Taking another look at Bergson provides illustration on how the role of categories blunts our engagement with nuance (Bergson, 2002. Bergson (2001) observed that quite frequently we reduce a qualitative experience to a quantitative one. As a noise, a shade of color, a sensation changes, we refer to it as an increase or a decrease. This leads a person to carve their experience of something changing through time into concrete categories.
An example of the above is the visual color spectrum available to human beings- red, orange, yellow, green, blue, indigo and violet. If we experienced an object transitioning from red to violet, we would experience a flow of change through time. However, if we are asked to articulate the experience by a researcher, there is a reasonable chance we may summarize the experience as- the object transitioned from red to orange to yellow and so on.
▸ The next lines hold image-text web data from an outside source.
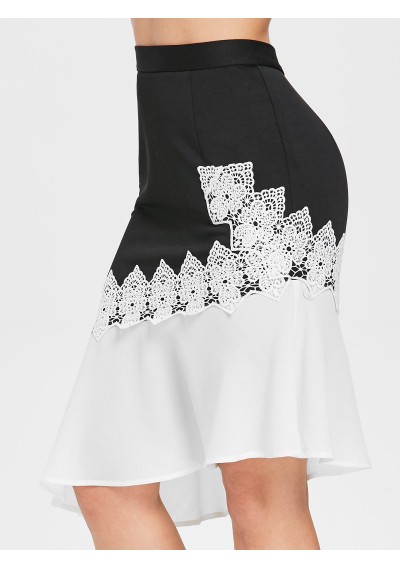 Color Block High Waist Fishtail Skirt - Black S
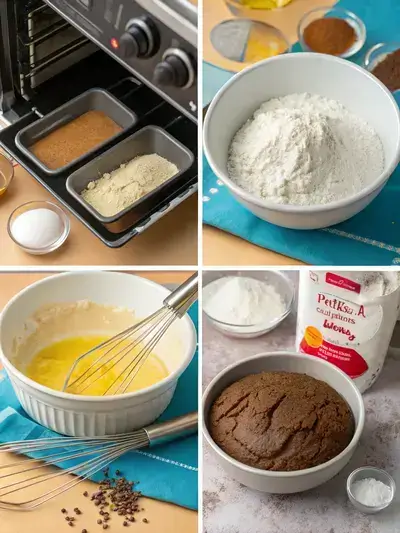 Step-by-step process of making dairy free cake mix, including preheating the oven, preparing the cake pan, mixing dry ingredients, and adding wet ingredients.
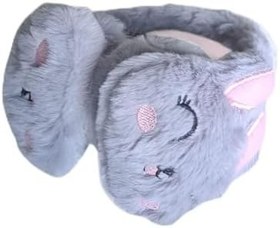 Resim Kız Çocuk 3D Peluş Tavşan Kulaklık Gri 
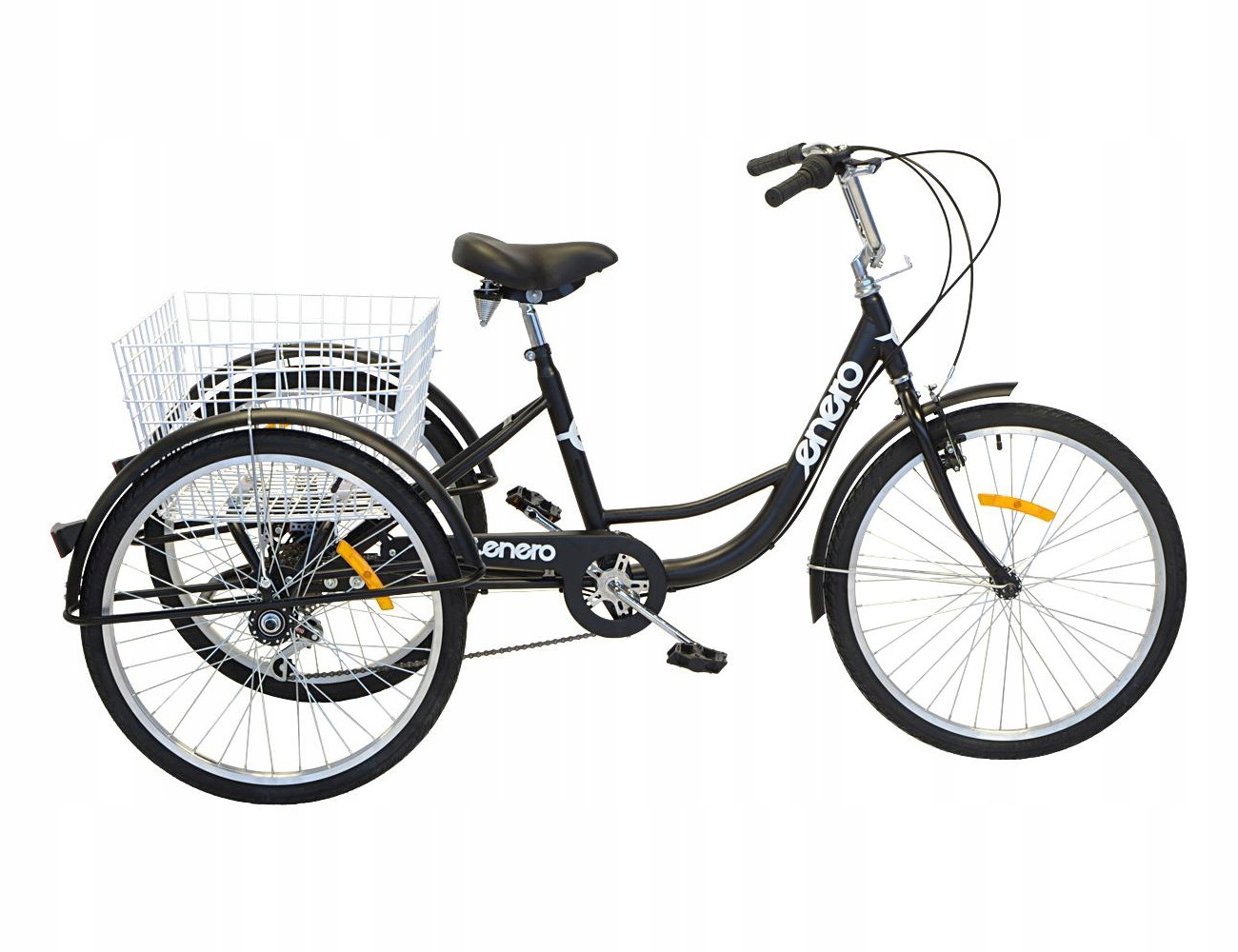 Rower 3-kołowy Rehabilitacyjny z Koszem 24" 6-biegów Shimano Czarny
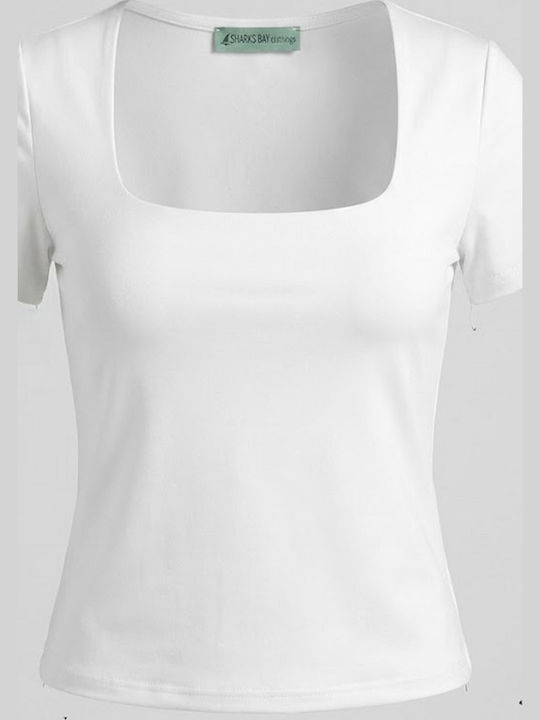 Women's Crop Leather Short Sleeve White Top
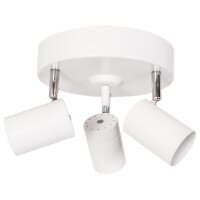 Spot Strahler Metall B: 20 cm klein Wei&szlig; 3-flammig GU10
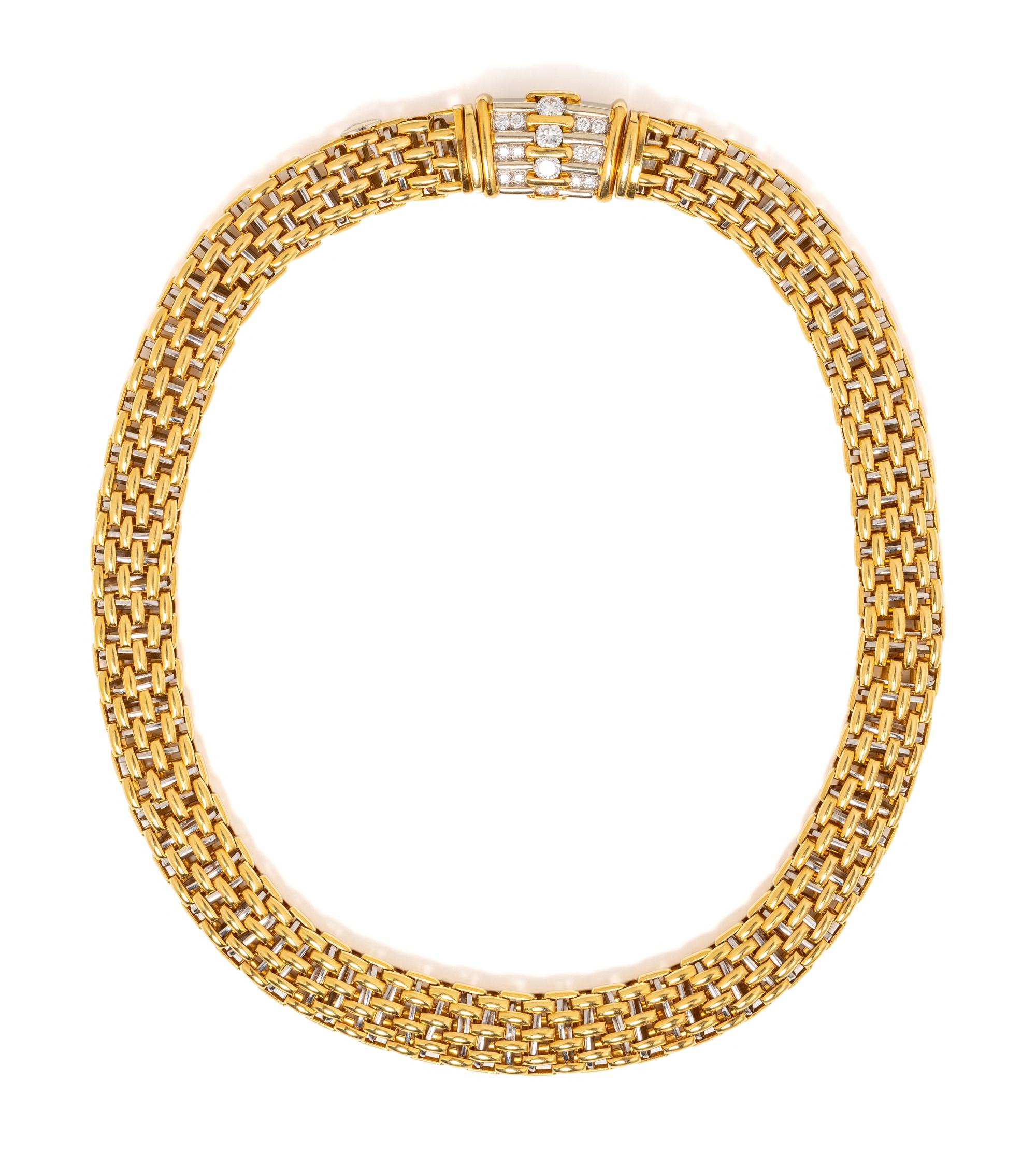 FOPE, BICOLOR GOLD AND DIAMOND CONVERTIBLE NECKLACE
The above is accurate, but it is stripped of flow for the receiver of our account. Our experience may then be recorded as a series of categories, and these categories are then shared with a wider audience. If we only read scientific categorical accounts of experience, we would be left with the impression of experience moving between blocks. What happens between the blocks would to some degree be lost. The nuance is stripped away.
For Bergson (2001) and recently McGilchrist (2021), poetry and art recapture the flow of transition. The suggestive nature of art and poetry invite the imagination to take part in experience. This is opposed to the explicit nature of categories which tell us, through propositions, what happened. Art and poetry open the world to suggestion, to something beyond which is presented on the canvas and the page.
If we are looking to move beyond fixed assumptions about the world, and perhaps think with more creativity, it is worth considering engaging with art and poetry. It is also worth exploring subjects from multiple perspectives and multiple mediums, not just categorical representations expressed in text and tables. This would allow us to engage with the nuance which exists between every transition of mood, color and weather. Nature perhaps provides the perfect backdrop to engage our imaginations and experience this flow.
Engagement with nature embodies the flow of reality and the nuance of transition. There are no straight lines in nature (McGilchrist, 2021), there is only the flow of one curve into another. Experiencing the flow of nature provides a person with an experience which is all nuance and subtlety, it inspires the imagination, and is poetic in nature. An example is staring at clouds. Clouds, as so many of us have experienced, invite us to imagine what they look like beyond simply the category of clouds, and we watch as they transition from one appearance to another. The final verse from Shelley’s poem, The Cloud, illustrates this perfectly-
I am the daughter of Earth and Water,
And the nursling of the Sky;
I pass through the pores of the ocean and shores;
I change, but I cannot die.
For after the rain when with never a stain
The pavilion of Heaven is bare,
And the winds and sunbeams with their convex gleams
Build up the blue dome of air,
I silently laugh at my own cenotaph,
And out of the caverns of rain,
Like a child from the womb, like a ghost from the tomb,
I arise and unbuild it again.
Shelley, P.B. (1838).
Reading
Bergson, H. and Pogson, F.L., 2001. Time and free will: An essay on the immediate data of consciousness. Courier Corporation.
Bergson, H., 2002. Henri Bergson: key writings. A&C Black.
Bergson, H., 2022. Creative evolution. Taylor & Francis.
McGilchrist, I., 2021. The Matter with Things: Our Brains, Our Delusions, and the Unmaking of the World. What Then is True?. Volume Two. Perspectiva Press.
Shelley, P.B., 1838. THE CLOUD. Livesey’s moral reformer, (15), pp.128-128.